*** Opening Provided records ***

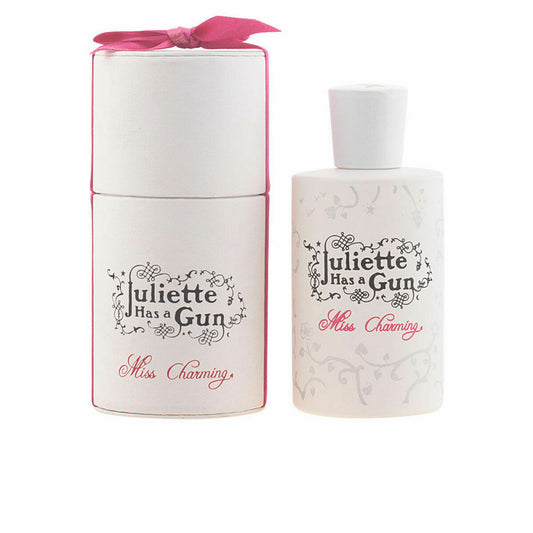 Women's Perfume Juliette Has A Gun EDP 100 ml Miss Charming Juliette Has A Gun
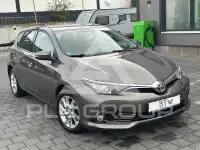 2016 Toyota AURIS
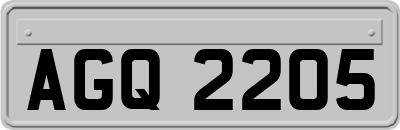 AGQ2205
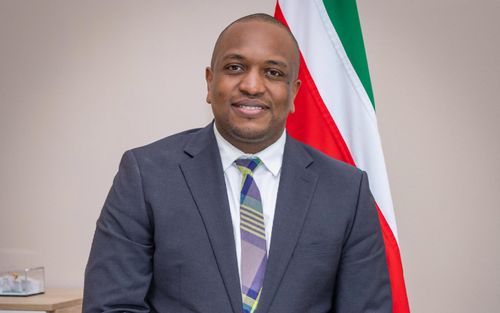 Suriname’s Foreign Minister to Address CEW 2026 as Offshore Oil Projects Advance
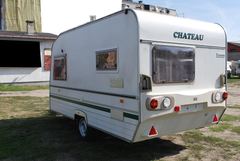 CHATEAU 463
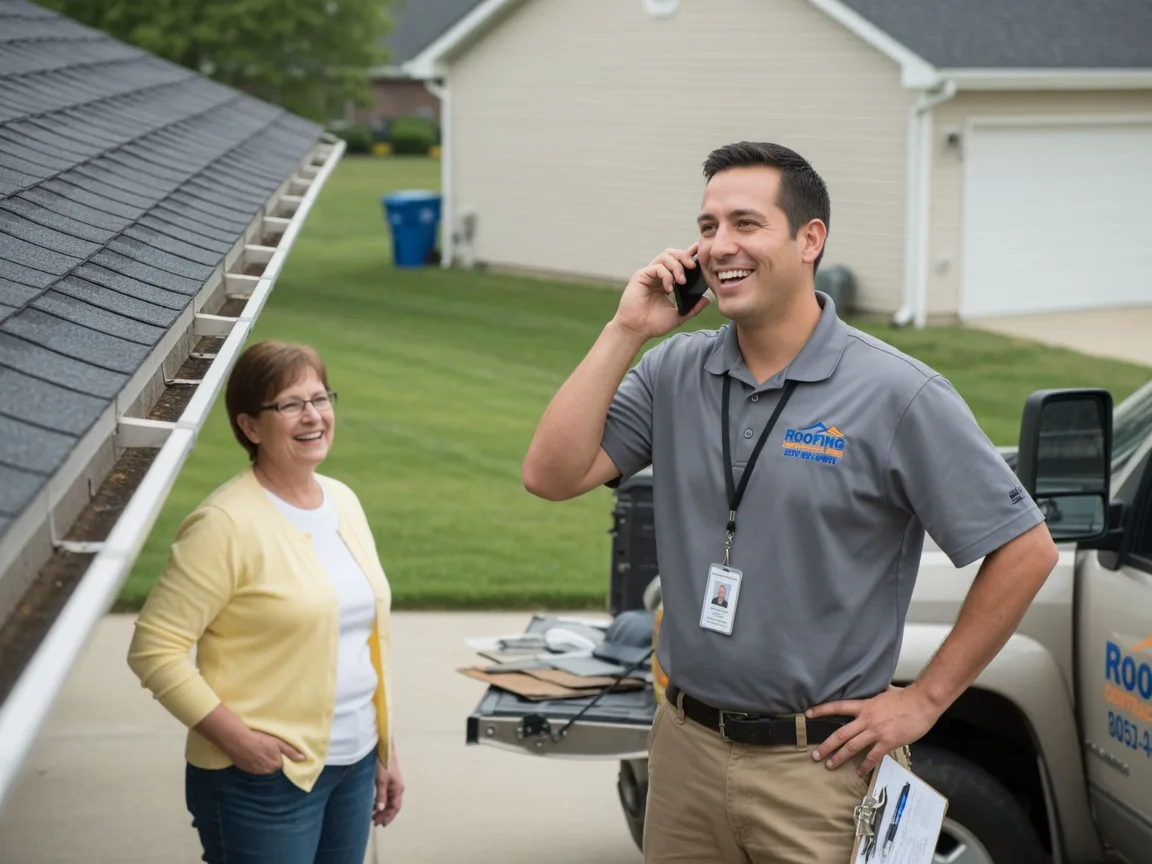 Local Roofing Contractors Foster, KY FAQs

*** Closing Provided records ***

Task: Exact copy, no pictures: reproduce the whole listing above.

Worked solution:
 Women's Perfume Juliette Has A Gun EDP 100 ml Miss Charming Juliette Has A Gun
 2016 Toyota AURIS
 AGQ2205
 Suriname’s Foreign Minister to Address CEW 2026 as Offshore Oil Projects Advance
 CHATEAU 463
 Local Roofing Contractors Foster, KY FAQs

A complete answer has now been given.